Today's plenary session speakers were Vassilis Angelopoulos of UC Berkeley (soon to join the UCLA faculty) on "Maximizing substorm science on THEMIS: Probe alignments and ground conjunctions" and Eric Donovan of Calgary on "Diffuse Aurora".
Angelopoulos is PI of the THEMIS mission. He reviewed the status of the THEMIS mission and some of the scientific topics to which THEMIS can contribute. At present THEMIS is in a string-of-pearls configuration with a separation of ~10000 km between the leading and trailing satellites and ~200 km between the middle three. Electric field antennas have been successfully deployed on three of the five spacecraft, and all other instruments are working on all five spacecraft. When the spacecraft are boosted to their final orbits sometime this fall, the orbits will be phased so that there will be a five-spacecraft conjunction every four days and four-spacecraft conjunctions every two days. Apogee will be in the tail from January through March with the conjunctions over the North America sector, where ground magnetometers and all sky cameras are deployed from Alaska to Labrador. Nominal science operations will begin 1 July, and science software will be rolled out to the community 31 July. There is an open data policy (consult with PI or co-Is, and credit NASA grant NAS5-02099). Already THEMIS is obtaining useful science data, including an observation of substorm onset with westward traveling surge, a measurement of a flux transfer event, and an observation of magnetopause reconnection. THEMIS will be able to track radial motion of electrons inward from the tail and measure electric and magnetic fields and waves locally. There are also potential contributions to dayside magnetospheric physics (this summer) and tracking of solar wind interaction with the magnetopause (summer 2008). Nominal mission lasts until about March 2009, with extensions possible given consumables budget and radiation margin. There are at least two web sites of interest: data from http://themis.ssl.berkeley.edu and orbit visualization from SSCWeb at http://sscweb.gsfc.nasa.gov/tipsod. There is a removable attenuator (x50) which ensures that the particle instruments do not saturate in the radiation belt.

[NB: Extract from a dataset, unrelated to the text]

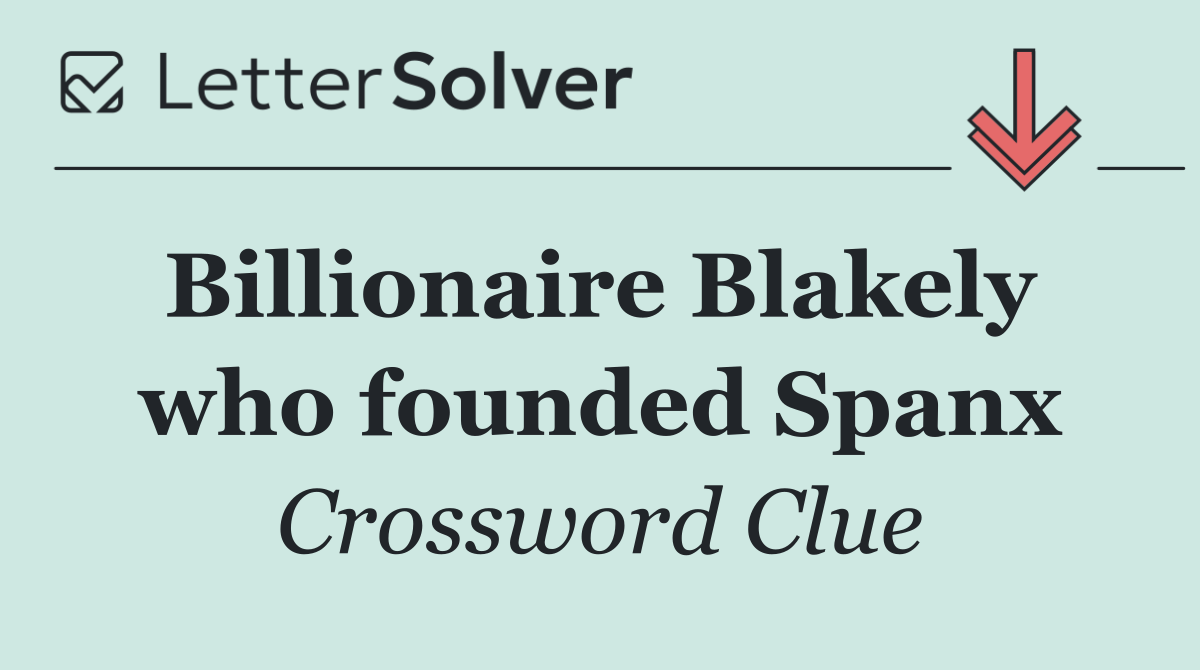 Billionaire Blakely  who founded Spanx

Donovan's talk was an overview of the breakout sessions on diffuse aurora which started yesterday and continue this afternoon. Although diffuse aurora is operationally defined as structureless precipitation, the precipitation actually reflects significant turbulence in the central plasma sheet. There are separate electron and ion aurora. On the duskside, the proton aurora is equatorward of the ion aurora, while postmidnight the proton aurora can be poleward of the electron diffuse aurora. The poleward boundary of the 630 nm oxygen line is a proxy for the open-closed field line boundary.